As on Jauja, you were working with [Aki Kaurismäki’s longtime DoP] Timo Salminen, but he collapsed from the below-freezing temperatures during the US shoot, so you brought on Mauro Herce. Which bits did Herce shoot?
Just the US part. Timo could not handle the freezing temperatures even on the first day. We were shooting 14 hours a day, it was -30°C, so it was too much for him. I called many DoPs, in and outside of the US, but Mauro was the best choice we had, and he’s fantastic.
Which shots were the hardest to film?
The US part. We could hardly get out of the car, it was so cold… we had been prohibited from leaving [a casino where we were filming], I felt like we were in The Shining.
The most fun was shooting the western in Almería. It was a dreamland. Everything was under control; there was only one set, which was built as a film set. To be in Sergio Leone’s [old studio] with Chiara and Viggo and a huge crew speaking in Spanish, at a good temperature, with drinks – it was fantastic.
In Mexico, it was good, but hard.

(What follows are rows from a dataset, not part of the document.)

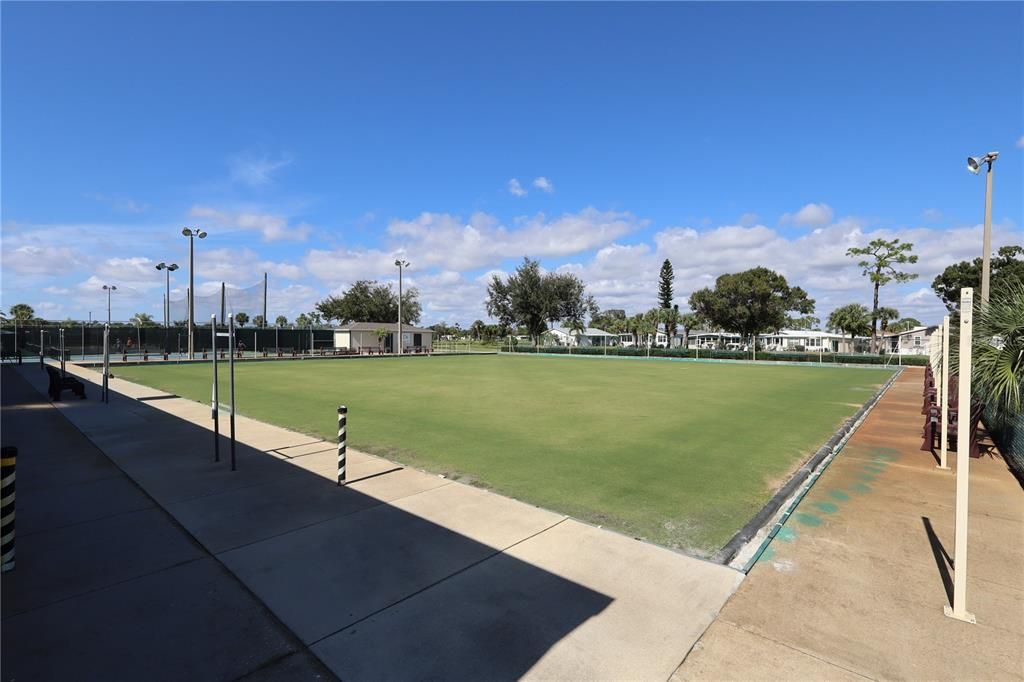 For Sale: $230,000 (2 beds, 2 baths, 1296 Square Feet)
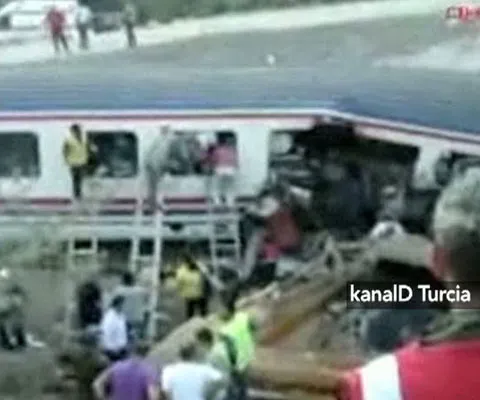 Cinci morţi şi 16 răniţi într-un accident feroviar produs în Turcia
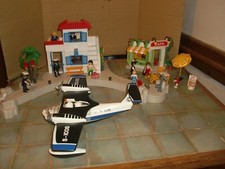 Police du port 5128, café du port 5129  ,  hydravion 4445  Playmobil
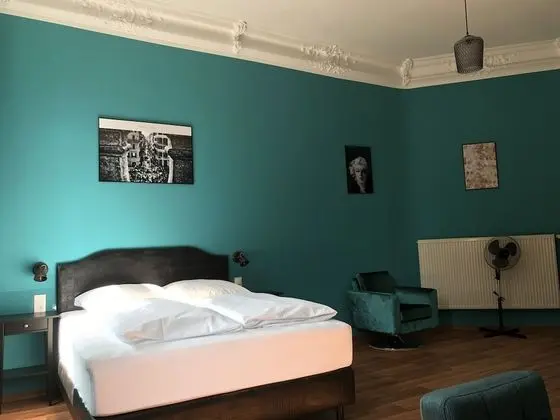 Standard Tek Büyük Yataklı Oda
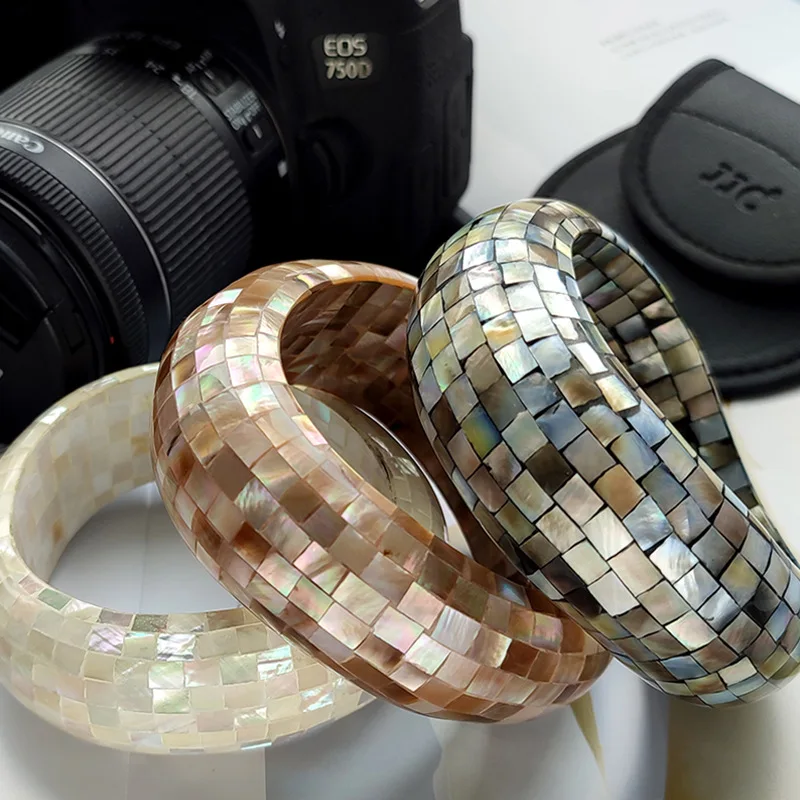 Trendy New Fashion Big Bangle, Shell Splicing Resin Irregular Large Wave Pattern Statement Bracelet for Womenb Vintage Jewelry
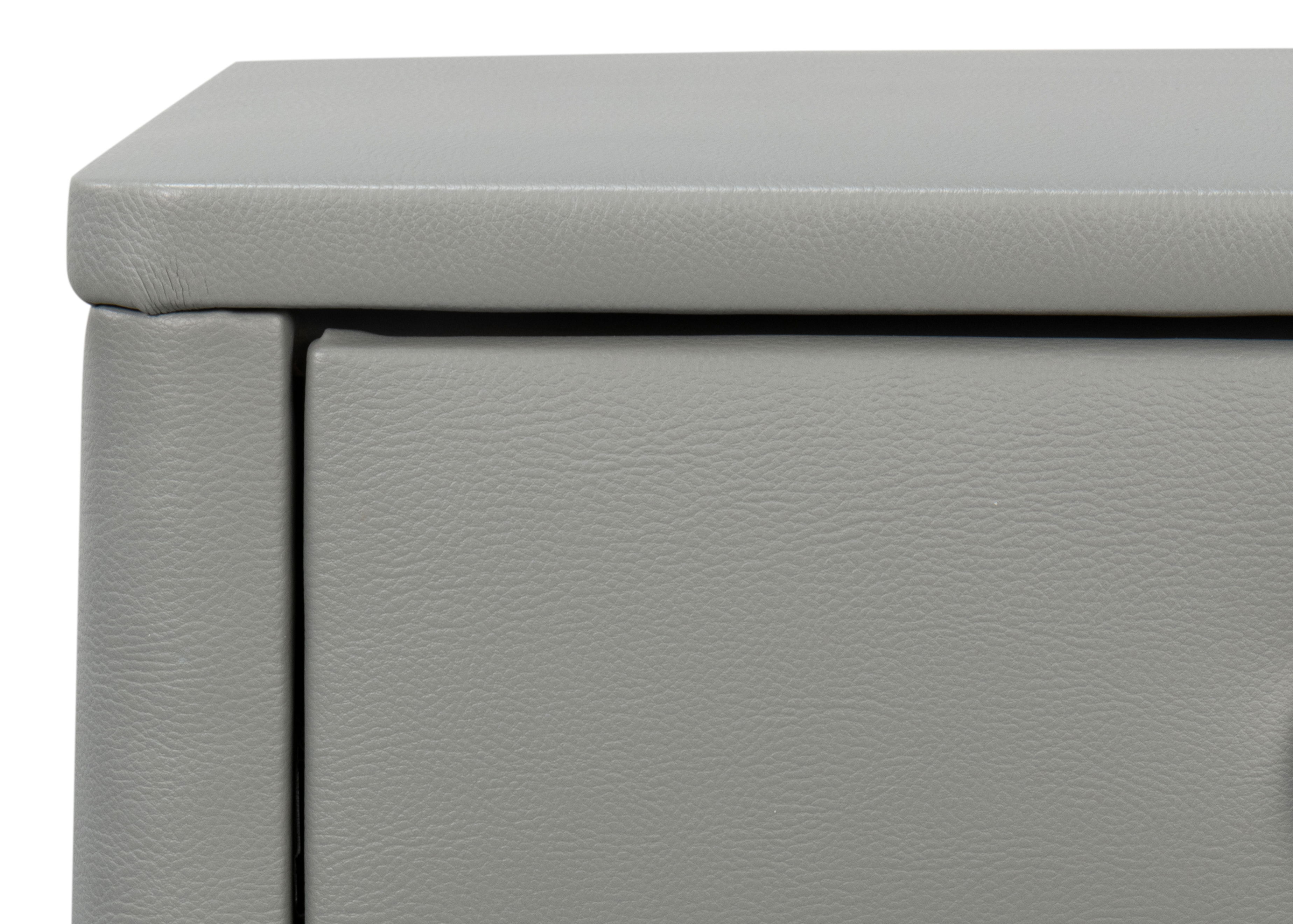 Avvolto Three Drawer Night Stand large image 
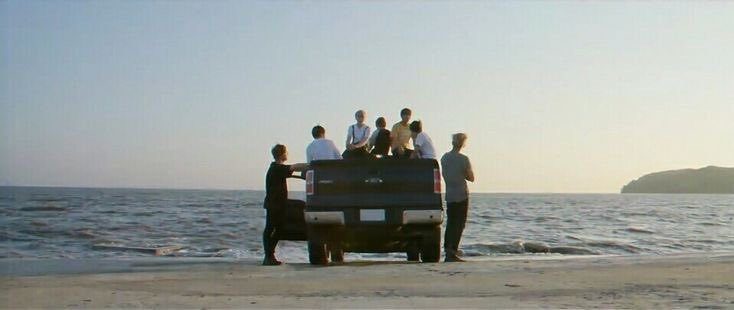 ✩ seeing bts tweet media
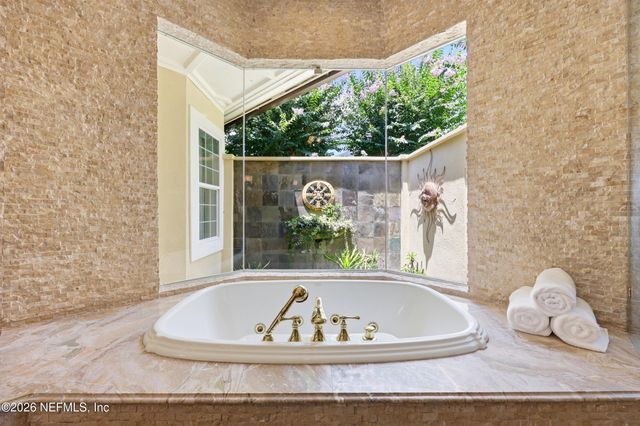 1160 REGISTRY Boulevard, St. Augustine, FL 32092
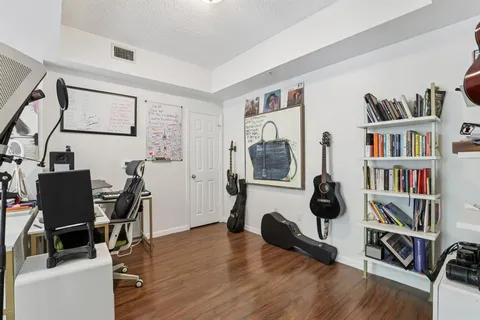 $300,000 | 533 Northeast 3rd Avenue, Unit 321, Fort Lauderdale, FL 33301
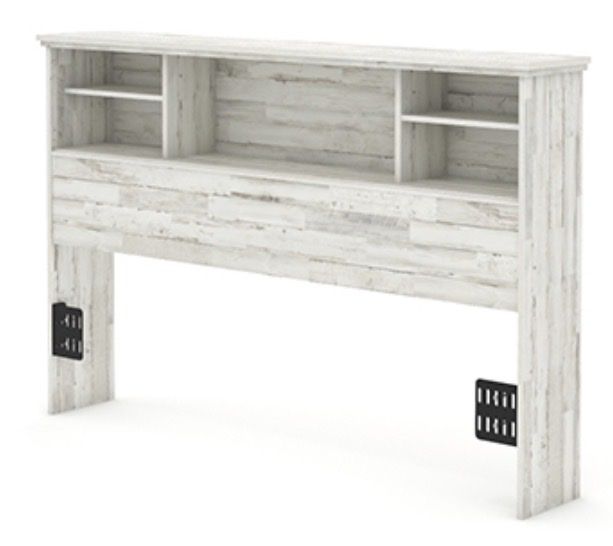Rustic White Oak headboard, Queen size with two matching Nightstands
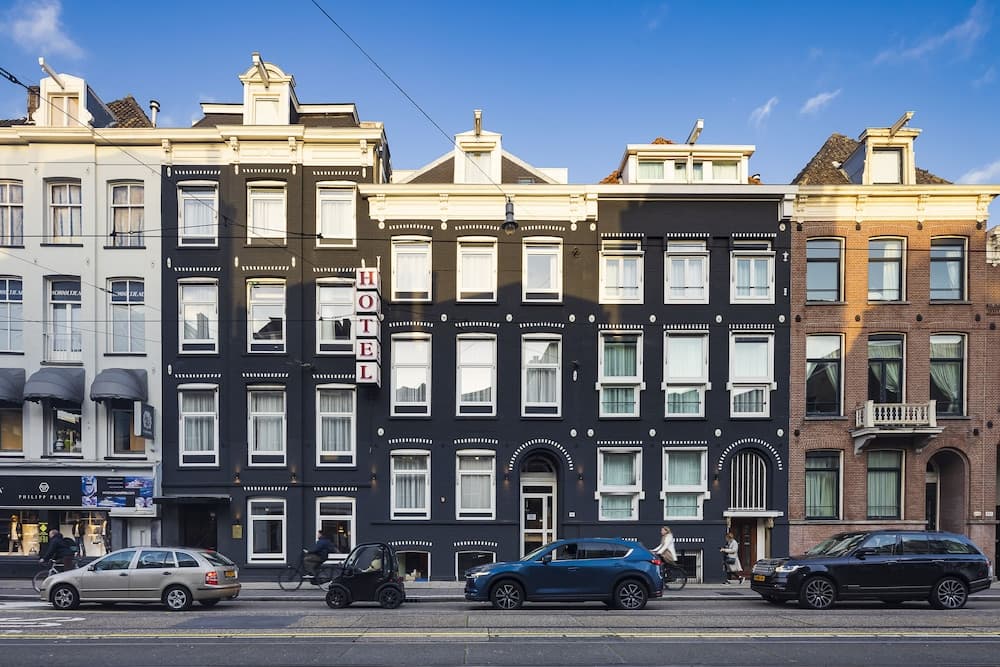 Huygens Place — 23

We had to cross several rivers by foot just to get to the locations. But as you might imagine, I love to have those kinds of environments. I’ve done that all my life. I open a map and say to myself, “I would like to shoot here, here and here,” and I travel there, see what’s happening, take notes, and start thinking of a script. That’s what I most enjoy: to have the chance, through films, to know people and places, and learn about how people have lived in different areas.
Going into a film festival, you know if you see an Argentine indie film that it’s going to be surprising – but that fact itself is no longer a surprise. Do you ever feel boxed in by this reputation?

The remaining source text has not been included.